_YOUR ASSIGNMENT_
Each entry must be restated exactly as it appears.

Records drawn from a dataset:
•••

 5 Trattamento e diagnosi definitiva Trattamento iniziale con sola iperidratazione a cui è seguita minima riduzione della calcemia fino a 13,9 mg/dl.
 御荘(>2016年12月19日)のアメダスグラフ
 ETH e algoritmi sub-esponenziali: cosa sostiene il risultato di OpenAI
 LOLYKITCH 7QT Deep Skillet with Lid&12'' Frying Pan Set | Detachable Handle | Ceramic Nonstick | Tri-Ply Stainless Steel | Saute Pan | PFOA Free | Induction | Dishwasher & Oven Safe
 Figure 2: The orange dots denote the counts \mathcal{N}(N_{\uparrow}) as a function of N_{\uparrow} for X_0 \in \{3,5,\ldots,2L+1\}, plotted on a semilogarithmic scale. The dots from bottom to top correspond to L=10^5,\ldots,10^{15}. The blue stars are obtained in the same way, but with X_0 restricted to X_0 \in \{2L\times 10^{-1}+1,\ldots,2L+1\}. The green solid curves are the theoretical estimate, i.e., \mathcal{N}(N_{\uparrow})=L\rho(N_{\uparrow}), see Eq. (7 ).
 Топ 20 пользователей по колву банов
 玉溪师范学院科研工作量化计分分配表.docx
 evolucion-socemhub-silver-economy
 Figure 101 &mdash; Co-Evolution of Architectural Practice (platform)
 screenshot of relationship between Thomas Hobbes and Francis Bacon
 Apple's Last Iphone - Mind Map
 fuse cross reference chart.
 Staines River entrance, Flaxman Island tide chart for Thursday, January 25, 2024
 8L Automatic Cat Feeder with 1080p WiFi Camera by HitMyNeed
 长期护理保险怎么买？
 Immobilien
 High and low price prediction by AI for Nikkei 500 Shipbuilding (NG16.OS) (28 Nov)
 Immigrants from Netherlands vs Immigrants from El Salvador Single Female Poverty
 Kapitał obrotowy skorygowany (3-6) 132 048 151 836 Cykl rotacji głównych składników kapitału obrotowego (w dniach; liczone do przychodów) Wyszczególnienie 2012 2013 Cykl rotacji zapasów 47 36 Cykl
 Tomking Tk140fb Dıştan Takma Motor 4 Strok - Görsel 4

•••

_SOLUTION_
 5 Trattamento e diagnosi definitiva Trattamento iniziale con sola iperidratazione a cui è seguita minima riduzione della calcemia fino a 13,9 mg/dl.
 御荘(>2016年12月19日)のアメダスグラフ
 ETH e algoritmi sub-esponenziali: cosa sostiene il risultato di OpenAI
 LOLYKITCH 7QT Deep Skillet with Lid&12'' Frying Pan Set | Detachable Handle | Ceramic Nonstick | Tri-Ply Stainless Steel | Saute Pan | PFOA Free | Induction | Dishwasher & Oven Safe
 Figure 2: The orange dots denote the counts \mathcal{N}(N_{\uparrow}) as a function of N_{\uparrow} for X_0 \in \{3,5,\ldots,2L+1\}, plotted on a semilogarithmic scale. The dots from bottom to top correspond to L=10^5,\ldots,10^{15}. The blue stars are obtained in the same way, but with X_0 restricted to X_0 \in \{2L\times 10^{-1}+1,\ldots,2L+1\}. The green solid curves are the theoretical estimate, i.e., \mathcal{N}(N_{\uparrow})=L\rho(N_{\uparrow}), see Eq. (7 ).
 Топ 20 пользователей по колву банов
 玉溪师范学院科研工作量化计分分配表.docx
 evolucion-socemhub-silver-economy
 Figure 101 &mdash; Co-Evolution of Architectural Practice (platform)
 screenshot of relationship between Thomas Hobbes and Francis Bacon
 Apple's Last Iphone - Mind Map
 fuse cross reference chart.
 Staines River entrance, Flaxman Island tide chart for Thursday, January 25, 2024
 8L Automatic Cat Feeder with 1080p WiFi Camera by HitMyNeed
 长期护理保险怎么买？
 Immobilien
 High and low price prediction by AI for Nikkei 500 Shipbuilding (NG16.OS) (28 Nov)
 Immigrants from Netherlands vs Immigrants from El Salvador Single Female Poverty
 Kapitał obrotowy skorygowany (3-6) 132 048 151 836 Cykl rotacji głównych składników kapitału obrotowego (w dniach; liczone do przychodów) Wyszczególnienie 2012 2013 Cykl rotacji zapasów 47 36 Cykl
 Tomking Tk140fb Dıştan Takma Motor 4 Strok - Görsel 4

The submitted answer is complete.